The tipping point for electrified vehicles is in sight, and a combination of hybrid and fully electric powertrains is expected to cut the global market share of pure internal combustion engines (ICEs) by about 50% by 2030.
ICEs will continue to play a major but changing role in the industry, as most electrified vehicles over time will be hybrids, according to new research by The Boston Consulting Group (BCG).
Three factors—technology, regulatory mandates, and consumer cost of ownership—will shape the changeover, which BCG expects to play out over three phases and about a dozen years. ICEs will continue to be the dominant powertrain for the next several years, at least through 2020, as the prices of electrified vehicles will remain high, even with incentives, and the payback period based on total cost of ownership (TCO) for consumers will be too long to be attractive. In addition, manufacturers will readily meet current emissions regulations with advances in ICE technology.
Technological Advances
Three types of technological advances will shape the powertrain future. Through 2020, technological improvements in ICEs should be sufficient to enable the industry to meet regulatory emissions requirements in major markets. The biggest change will be in Europe where diesel engines, which held 48% of the market in 2016, will begin a relatively rapid decline in share toward 36% in 2020, owing to the rising costs of meeting nitrous oxide and nitrous dioxide emissions standards and to “clean” consumer trends that will encourage buyers to explore less expensive forms of electrified vehicles.
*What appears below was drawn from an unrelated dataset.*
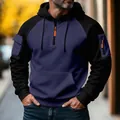 Casual men's navy blue and black half-zip hoodie with utility arm pockets for autumn - Navy Blue
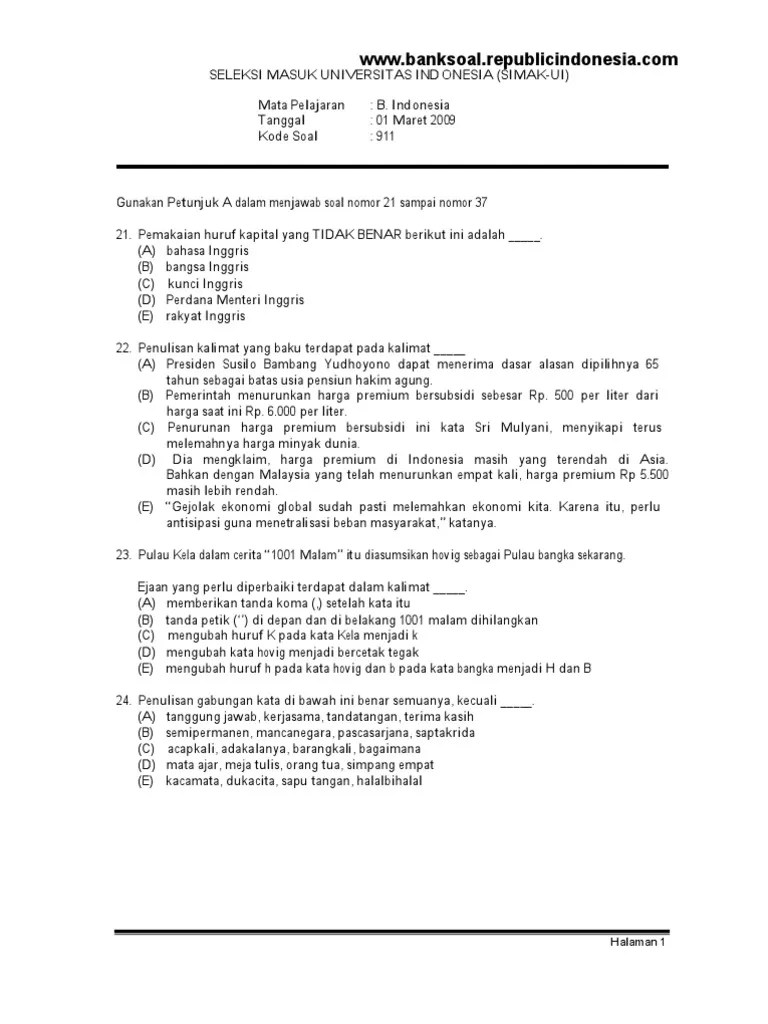 Soal Bah As A Indonesia Simakui2009 911 | PDF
At the same time, battery costs, which are the single largest driver of TCO for BEVs and PHEVs, are declining further and faster than projected just a few years ago. BCG estimates, confirmed by several sources, have batteries’ per-kilowatt-hour cost falling to between $80 and $105 by 2025 and to between $70 and $90 by 2030.
Regional Market Variations
The adoption curve for electrified vehicles varies to some extent by market, depending on TCO, which reflects such factors as the price of the vehicle, the number of miles driven, and gas and electricity costs. In China, for example, the leading market for electrified vehicles so far, high mileage, low electricity costs, and high gas prices combine to give these vehicles a favorable TCO relative to ICE-powered cars and trucks. Government incentives for BEVs have reduced the consumer’s TCO to the point where BEVs actually reached a five-year payback, compared with the TCO for ICEs, in 2015.
“OEMs and their suppliers should keep their eye on two broad trajectories,” Mosquet said, “the rise in market share of electrified vehicles from about 3% today to 50% around 2030, and the increase in share for battery-powered vehicles from almost nothing to about 14% of the global market in 2030. There will be variations in the pace of change, depending on regulatory actions, consumer adoption of autonomous vehicles and car sharing, and the economics of different fuel sources. Companies will need to develop a suite of strategic and product options to manage a transition that is both inevitable in its destination and uncertain as to its route.”